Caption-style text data
*-*-*
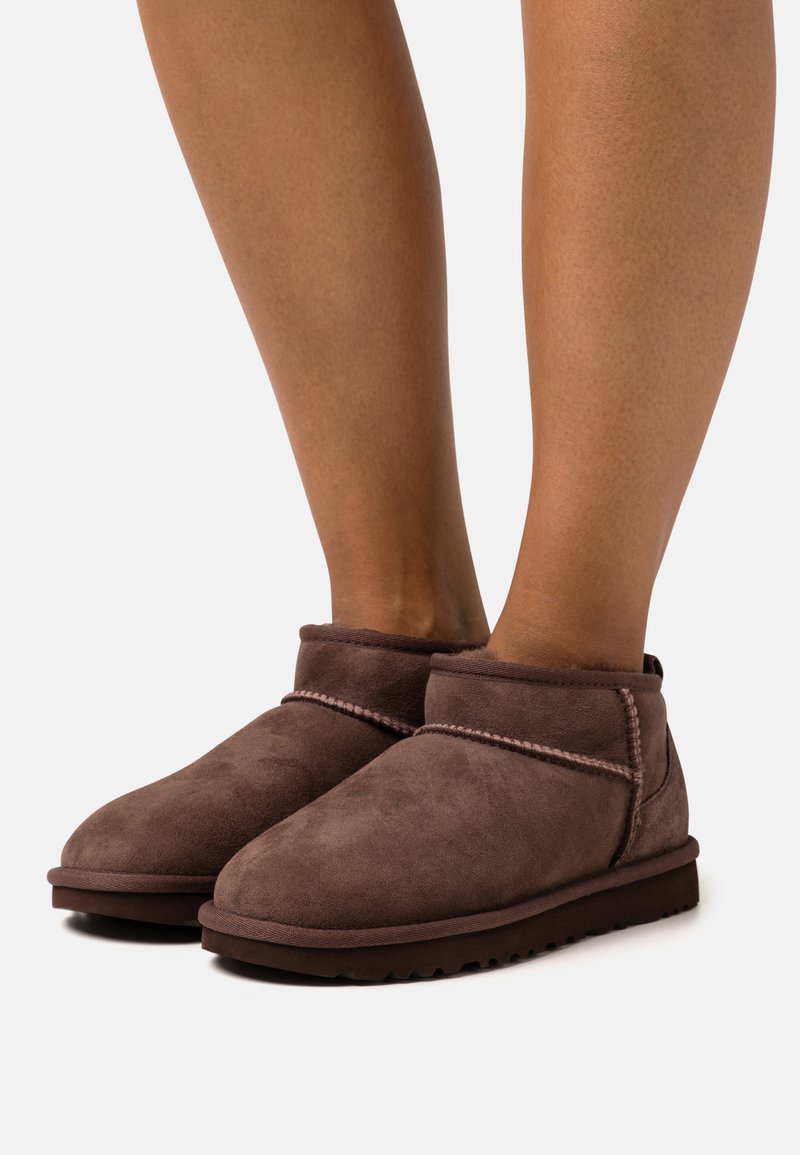 Botas de tobillo de ante marrón con puntera redondeada, detalles cosidos, una textura suave y suela de goma, mostradas en un par de piernas.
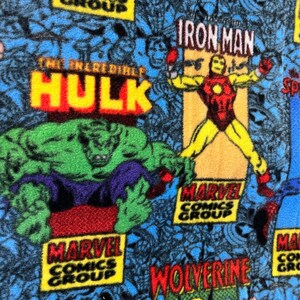 Peut inclure: Un tissu color&eacute; avec un motif r&eacute;p&eacute;t&eacute; de personnages de Marvel Comics, dont l'Incroyable Hulk, Iron Man et Wolverine. Le tissu pr&eacute;sente le logo de Marvel Comics Group en jaune, rouge et bleu.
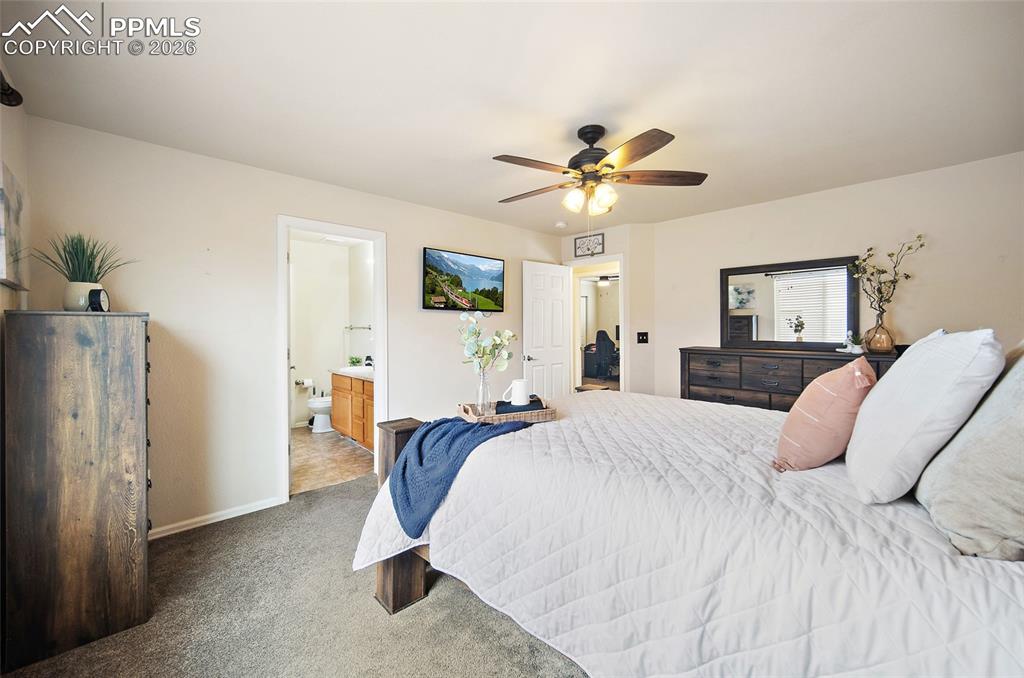 Image 16 of 43: Expansive bedroom featuring neutral wall tones and dark wood-finish cabinet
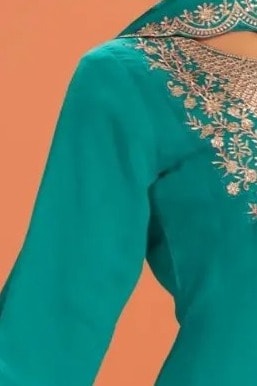 Close-up of the neckline embroidery on a teal anarkali gown for wedding outfit in premium silk with sequin and thread work.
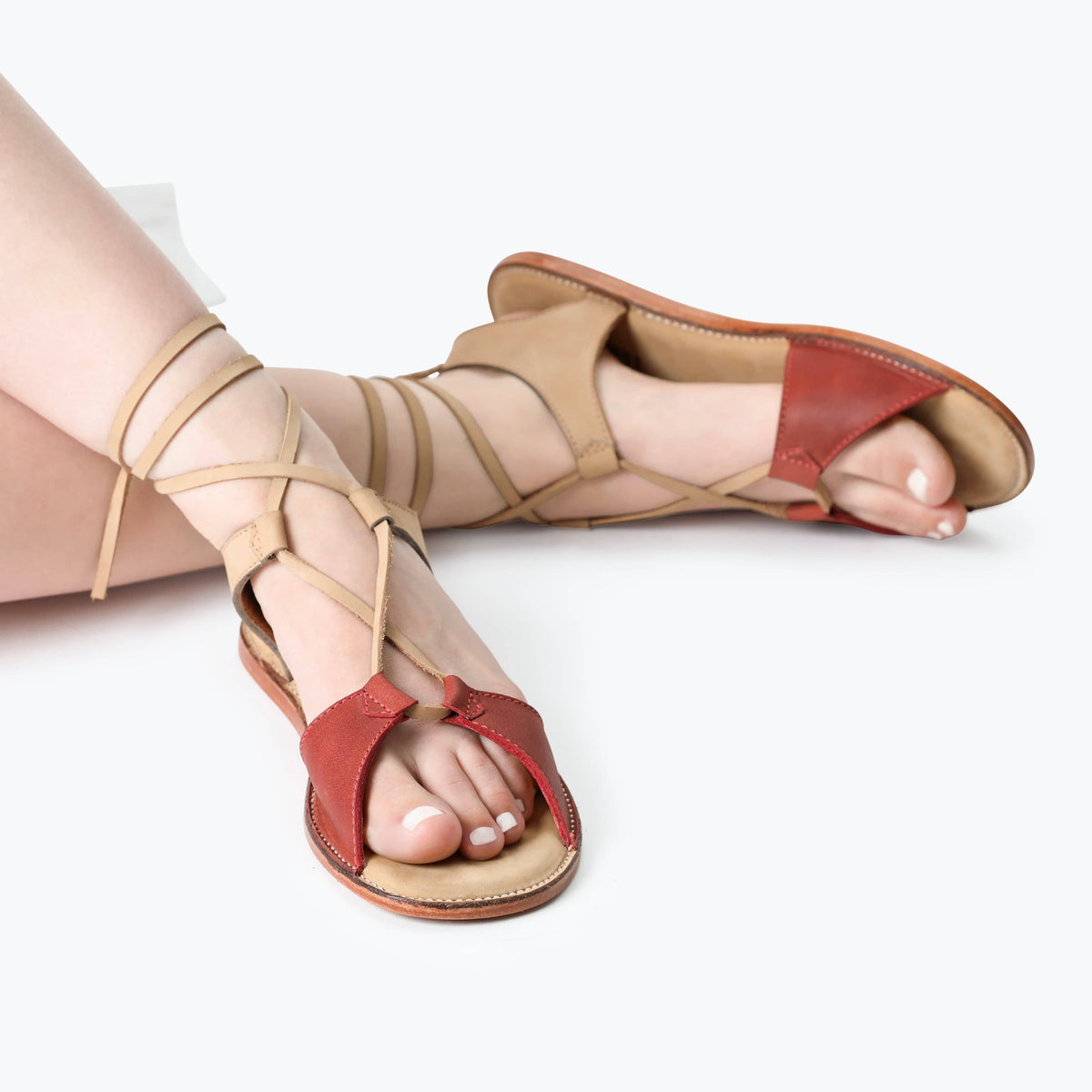 Women's tan and red gladiator sandals with wraparound laces and open toes, handcrafted by Adelante artisans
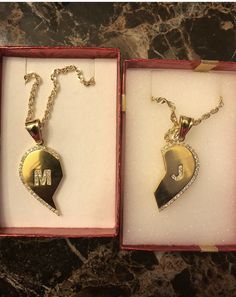 two necklaces in boxes sitting on a table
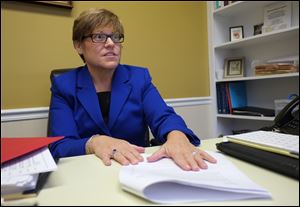 Mary Smith, owner of  Smith Bonds & Surety, talks about a bill designed to reform the state's bail system during an interview in her office Wednesday, April 4, 2018, in Toledo.  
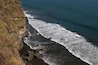 Aerial view of white foamy ocean waves, black volcanic sandy beaches and rocky cliffs. Sunny day, blue sky. Pacific coast of El Salvador.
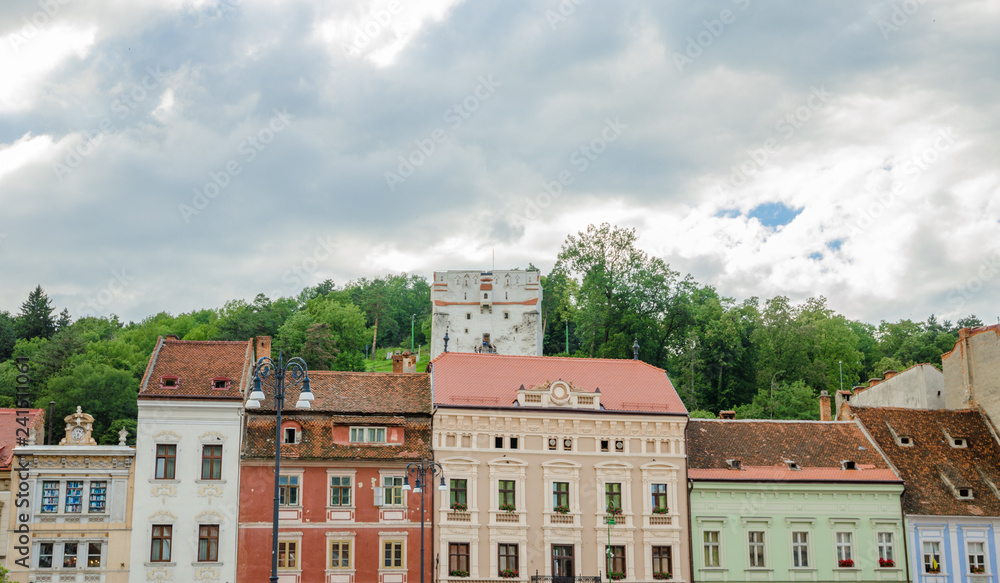 The White Tower with beautiful old historic buildings on the front in Brasov city of Romania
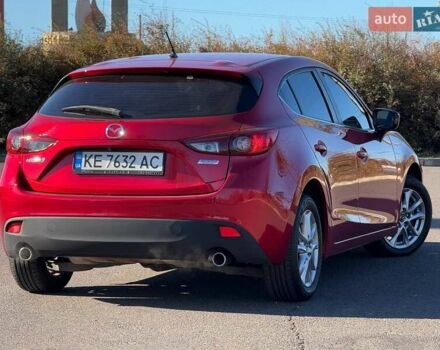 Красный Мазда 3, объемом двигателя 2 л и пробегом 130 тыс. км за 10999 $, фото 1 на Automoto.ua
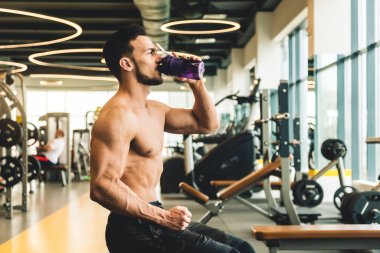 Egzersizler arasında dinlenirken su içen yakışıklı genç sporcu erkek vücut geliştirici.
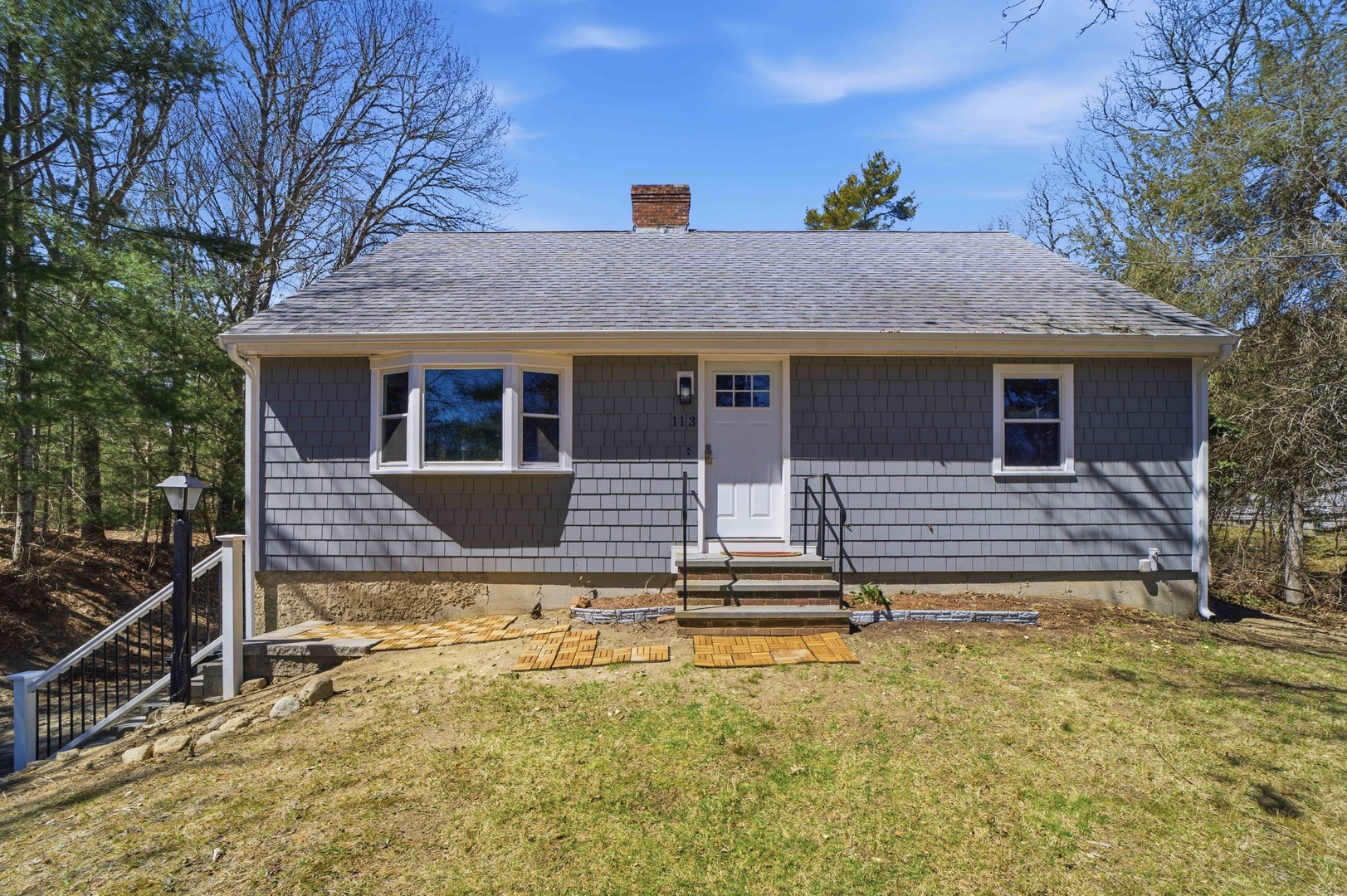 Charming cottage exterior with classic shingle siding and peaceful wooded surroundings in the neighborhood.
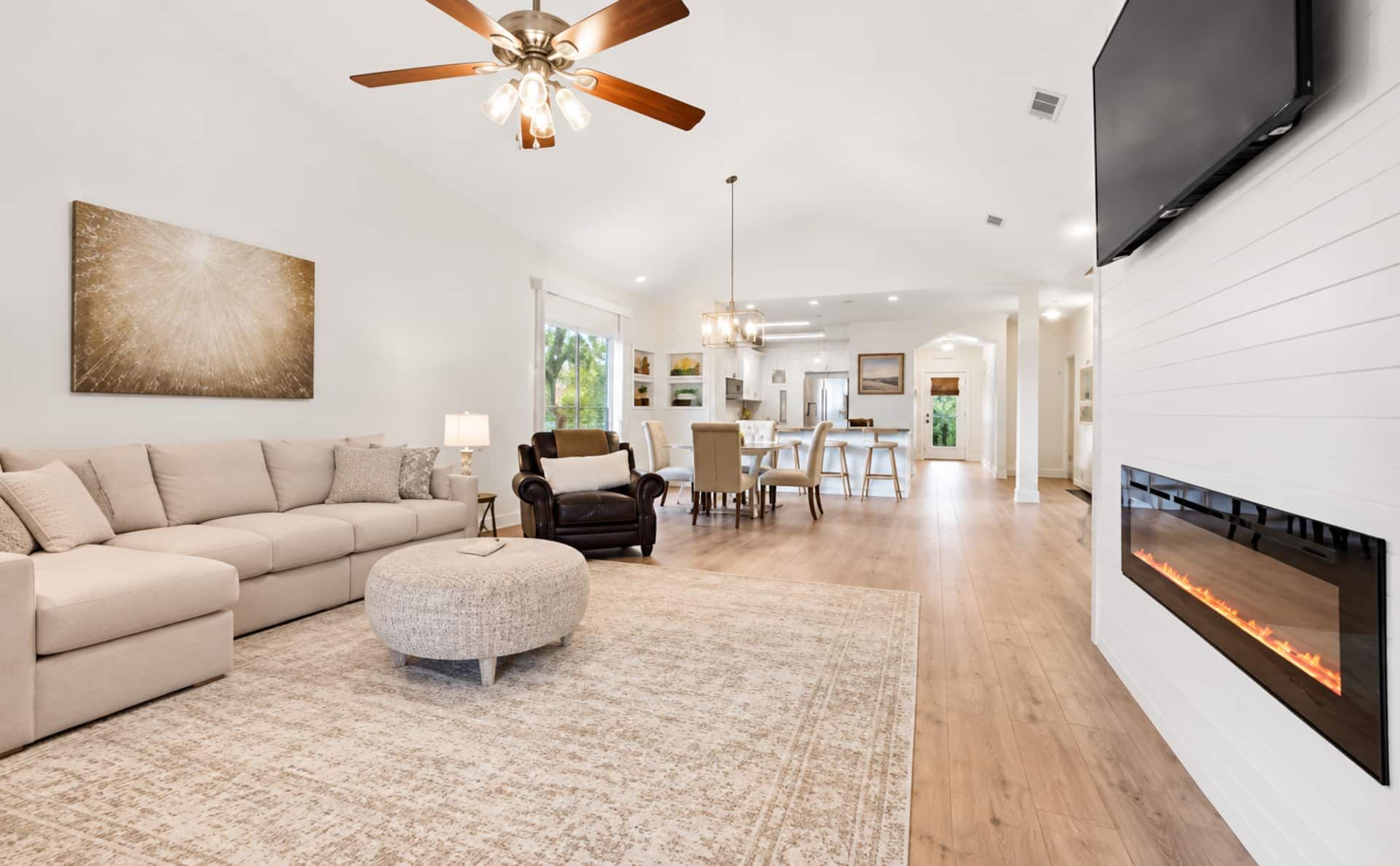 A modern living room with a sectional sofa, a round ottoman, a ceiling fan, and a fireplace.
*-*-*
• [WHAT IS EXPECTED]:
Repeat exactly the lines from the first line of the records above through the line containing "Women's tan and", both included. Leave out the pictures.

• [RESPONSE BELOW]:
 Botas de tobillo de ante marrón con puntera redondeada, detalles cosidos, una textura suave y suela de goma, mostradas en un par de piernas.
 Peut inclure: Un tissu color&eacute; avec un motif r&eacute;p&eacute;t&eacute; de personnages de Marvel Comics, dont l'Incroyable Hulk, Iron Man et Wolverine. Le tissu pr&eacute;sente le logo de Marvel Comics Group en jaune, rouge et bleu.
 Image 16 of 43: Expansive bedroom featuring neutral wall tones and dark wood-finish cabinet
 Close-up of the neckline embroidery on a teal anarkali gown for wedding outfit in premium silk with sequin and thread work.
 Women's tan and red gladiator sandals with wraparound laces and open toes, handcrafted by Adelante artisans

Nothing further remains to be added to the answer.